Forum Discussion
andrewbytes
Altocumulus
AltocumulusHow can I skip ONLY Geolocation within ASM_REQUEST_VIOLATION if there is more than one Violation?
So far;
This WORKS;
when ASM_REQUEST_VIOLATION {
if { [ASM::status] eq "blocked" } {
if { [class match [IP::client_addr] equals WHITELIST] && [ASM::violation names] equals "VIOLATION_ILLEGAL_GEOLOCATION"}{
log local0. "[ASM::violation_data]. [IP::client_addr] found in WHITELIST"
log local0. "Violation count: [ASM::violation count] "
log local0. "Violation names: [ASM::violation names] "
log local0. "Violation attack types: [ASM::violation attack_types] "

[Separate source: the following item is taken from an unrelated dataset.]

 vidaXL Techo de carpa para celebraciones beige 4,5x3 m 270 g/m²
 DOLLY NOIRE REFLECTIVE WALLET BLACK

log local0. "Violation details: [ASM::violation details] "
ASM::unblock
} else {
log local0. "[ASM::violation_data]. blocked for [IP::client_addr]"
}
}
}
However, I only want to skip Geolocation violation. When watching the logs, I see the violation information - however I want to continue ASM checking if the Geolocation is in my Datagroup named "WHITELIST". I do NOT want a golden ticket skipping over XSS, SQL Injection, etc... because I made a pinhole in my IP to allow access. When I add an IP to the IP Address Exceptions, it skips all ASM Rules. Is there an ASM::skip ability that I'm missing? GEOLOCATION::ALLOW?
UPDATE!!!!
when ASM_REQUEST_DONE {
if { [ASM::status] eq "blocked" } {
if { [class match [IP::client_addr] equals WHITELIST] && [ASM::violation names] equals "VIOLATION_ILLEGAL_GEOLOCATION" && [ASM::violation details] equals ""}{
log local0. "[ASM::violation_data]. [IP::client_addr] found in WHITELIST"

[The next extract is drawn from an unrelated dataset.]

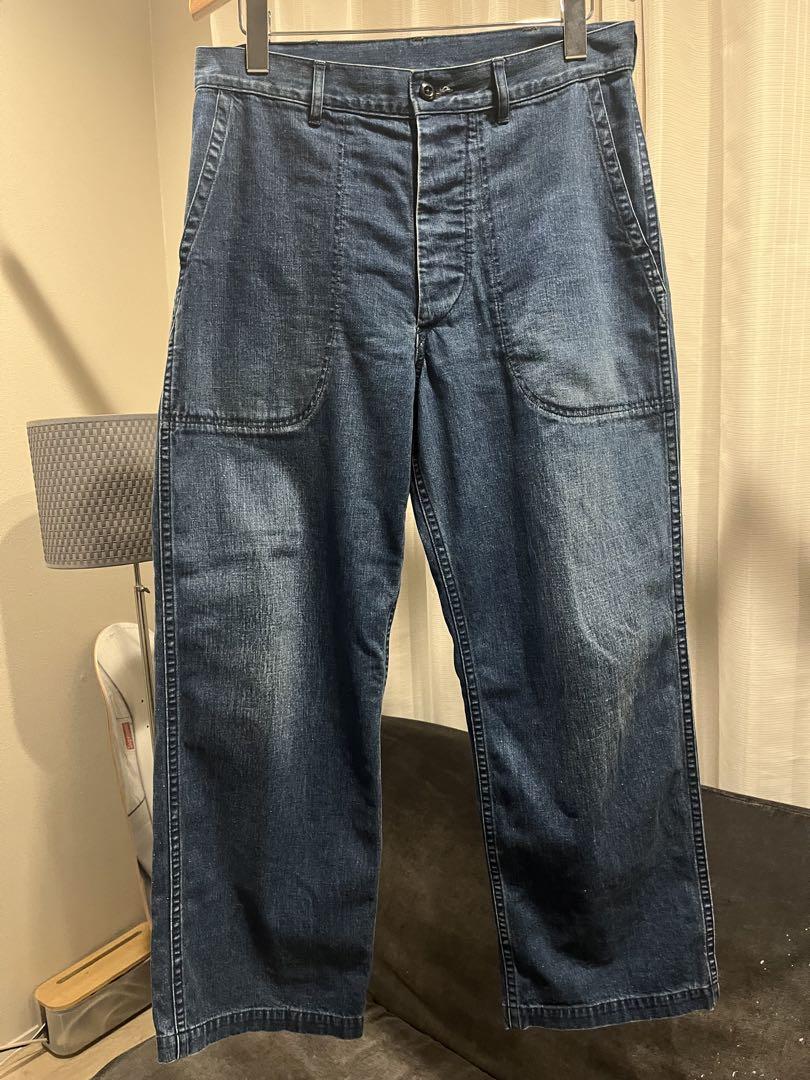 A.PRESSE US Navy Denim Baker Pants [INDIGO] - Fresh Service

# log local0. "Violation count: [ASM::violation count] "
# log local0. "Violation names: [ASM::violation names] "
# log local0. "Violation attack types: [ASM::violation attack_types] "

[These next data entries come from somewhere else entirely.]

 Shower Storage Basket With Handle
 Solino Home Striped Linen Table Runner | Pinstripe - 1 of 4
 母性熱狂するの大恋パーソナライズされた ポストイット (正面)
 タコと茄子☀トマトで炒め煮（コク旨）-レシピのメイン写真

log local0. "Violation details: [ASM::violation details] "
ASM::unblock
} else {
log local0. "[ASM::violation_data]. blocked for [IP::client_addr]"
}
}
}
if the ONLY Violation is Geolocation, then I continue. If there's anything else, I want to skip it. So NORMAL input on a web form is fine from a specific geolocation. Try and slip XSS, or SQL Injection, and it returns a System ID error. How can [ASM::violation count] returns 1 all the time, even though I've slipped some other violation into the form.
PLEASE NOTE; the ASM_REQUEST_DONE only works if ASM iRule setting is set to NORMAL. It will not fire in compatibility mode.
andrewbytesUPDATE!!!!
when ASM_REQUEST_DONE {
if { [ASM::status] eq "blocked" } {
if { [class match [IP::client_addr] equals WHITELIST] && [ASM::violation names] equals "VIOLATION_ILLEGAL_GEOLOCATION" && [ASM::violation details] equals ""}{
log local0. "[ASM::violation_data]. [IP::client_addr] found in WHITELIST"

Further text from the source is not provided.